La primera fase de la competición, que nos enfrentaba a algunos de los mejores equipos de la competición, sirvió para potenciar nuestras habilidades y reconocer nuestras carencias. Era importante corregir errores porque veíamos que el grupo podía alcanzar, esta vez sí, el objetivo de llegar a las semifinales, pero ganar el campeonato se antojaba enormemente complicado viendo el nivel de Las Rozas (nos ganó los dos partidos) y, sobre todo, de Alcobendas, que se mostraba intratable en el otro grupo y que ya nos había derrotado por quince puntos en un amistoso en pretemporada.

Arrancábamos la segunda fase en el grupo Oro, lo que nos garantizaba jugar los playoffs, pero debíamos intentar obtener la mejor posición posible para tratar de evitar a Alcobendas hasta la final, ya que era el único equipo al que veíamos claramente superior. De hecho, el primer partido de la segunda fase fue precisamente contra ellos en Alcorcón y nos vapulearon por un claro 35-63. La cosa se complicó aún más la semana siguiente cuando perdimos por tres puntos contra unos viejos conocidos, Brains. A excepción de Alcobendas, la igualdad era máxima y acabamos aquella fase con un balance de cuatro victorias y seis derrotas. Los cruces estaban ya establecidos y, salvo que algo lo remediase, en caso de llegar a semifinales, estas se disputarían precisamente con aquellos a los que no queríamos encontrarnos.

Pero ocurrió algo en el ámbito extradeportivo que dejó marca en nuestros chicos, algo que todavía hoy, cuatro años después, creo que tienen bajo la piel, algo que en cierto modo hizo que se confabulasen para hacer algo grande aquel año. Durante el descanso de la Semana Santa, el jueves si no recuerdo mal, nos comunicaron que Jesús, aquel chico enfermo que sentía verdadera pasión por nuestros chavales y que tantos entrenamientos se había perdido debido al mal que padecía, había fallecido. Fueron días complicados en las casas de los "chinchetas", haciéndonos todos a la idea de que se había ido una de esas personas que se van tan jóvenes y dejando tantas cosas por hacer que resultaba complicado hacer comprender a los niños lo cruel que a veces es la vida. Muchos descubrieron en aquellos momentos que la muerte no era sólo cosa de los ancianos. Cuando volvimos a los entrenamientos, los niños lo hicieron con el semblante triste de quien ha perdido a un ser querido, pero también con la determinación de brindarle a Jesús los mejores partidos de sus vidas.

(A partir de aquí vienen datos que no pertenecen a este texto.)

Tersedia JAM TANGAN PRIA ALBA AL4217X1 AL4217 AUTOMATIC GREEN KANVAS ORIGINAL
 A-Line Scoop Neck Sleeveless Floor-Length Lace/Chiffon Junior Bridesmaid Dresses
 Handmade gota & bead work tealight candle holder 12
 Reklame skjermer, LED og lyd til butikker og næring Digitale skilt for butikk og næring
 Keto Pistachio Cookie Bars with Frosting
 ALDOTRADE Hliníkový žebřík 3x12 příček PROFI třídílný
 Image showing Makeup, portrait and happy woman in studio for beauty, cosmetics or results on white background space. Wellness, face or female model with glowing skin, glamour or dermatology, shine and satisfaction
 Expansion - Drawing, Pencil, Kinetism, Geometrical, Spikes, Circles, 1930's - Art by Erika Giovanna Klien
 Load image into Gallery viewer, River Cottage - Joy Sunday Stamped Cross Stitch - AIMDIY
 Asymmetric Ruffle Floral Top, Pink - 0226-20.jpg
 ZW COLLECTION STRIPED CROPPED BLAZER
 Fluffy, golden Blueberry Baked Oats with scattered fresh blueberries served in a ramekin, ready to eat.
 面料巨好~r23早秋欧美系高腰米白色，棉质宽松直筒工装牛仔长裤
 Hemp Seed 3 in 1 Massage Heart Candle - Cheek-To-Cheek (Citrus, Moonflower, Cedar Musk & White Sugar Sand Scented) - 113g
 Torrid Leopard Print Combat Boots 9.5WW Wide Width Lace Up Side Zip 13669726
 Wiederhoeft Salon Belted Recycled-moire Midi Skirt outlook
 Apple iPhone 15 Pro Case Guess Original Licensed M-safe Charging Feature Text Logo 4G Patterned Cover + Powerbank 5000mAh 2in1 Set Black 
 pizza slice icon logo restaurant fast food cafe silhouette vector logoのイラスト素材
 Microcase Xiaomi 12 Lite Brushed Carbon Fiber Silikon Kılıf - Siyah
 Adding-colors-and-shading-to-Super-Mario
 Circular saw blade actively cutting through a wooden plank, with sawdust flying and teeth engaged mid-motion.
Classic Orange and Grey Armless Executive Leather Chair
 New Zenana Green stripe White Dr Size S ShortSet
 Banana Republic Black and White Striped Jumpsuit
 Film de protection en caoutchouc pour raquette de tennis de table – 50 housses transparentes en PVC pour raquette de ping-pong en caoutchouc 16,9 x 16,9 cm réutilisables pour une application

El cruce de octavos de final, contra Uros de Rivas, fue bastante sencillo y no tuvimos problemas, ganando ambos partidos con claridad, pero en cuartos nos esperaba un rival que, aunque había ido de más a menos en la temporada, nos había ganado dos de las cuatro veces que nos habíamos enfrentado a ellos aquella temporada, la última mes y medio antes: Menesianos, un equipo rocoso, aguerrido y con un par de jugadores muy talentosos que iban a constituir una prueba importante para demostrar que era nuestro momento de llegar a un día del Mini. Jugamos primero en su campo, una cancha complicada, con los padres a pie de pista, mucha presión. En un partido muy igualado nos logramos imponer por nueve puntos, lo que no dejaba sellada la eliminatoria, pero sí muy bien encarrilada para el día siguiente en Alcorcón. Y no les dimos opción: 85-61. Y, por fin, después de tres años buscándolo, estábamos en la fiesta del Mini. Si lo haríamos como finalistas o para luchar por la medalla de bronce estaba por decidir, pero lo habíamos conseguido.

Alcobendas era aquel año un auténtico rodillo. Algunos de sus jugadores ficharían después por el Real Madrid, tal era el nivel. No habían dado opción a ningún rival, llegaban imbatidos a las semifinales y contaban con jugadores de una grandísima calidad. Lo cierto es que yo no contaba con darles ninguna sorpresa, pero sí sabía que les competiríamos, que no íbamos a dejar que nos ganasen tan fácilmente. El primer partido se disputó en Alcorcón, dado que ellos tenían el factor campo a su favor por sus mejores resultados en fase regular. Fue un partido a cara de perro donde efectivamente les hicimos sudar de lo lindo. El marcador fue bajo y la diferencia final dejaba la eliminatoria aún abierta: 47-52. Teníamos que remontar cinco puntos ante el mejor equipo de la competición y en su cancha. Yo tan sólo confiaba en que compitiésemos lo mejor que pudiésemos. Pero Ángel, el entrenador, tenía un plan y los chicos una firme convicción en que la victoria, que querían brindar a Jesús, era posible.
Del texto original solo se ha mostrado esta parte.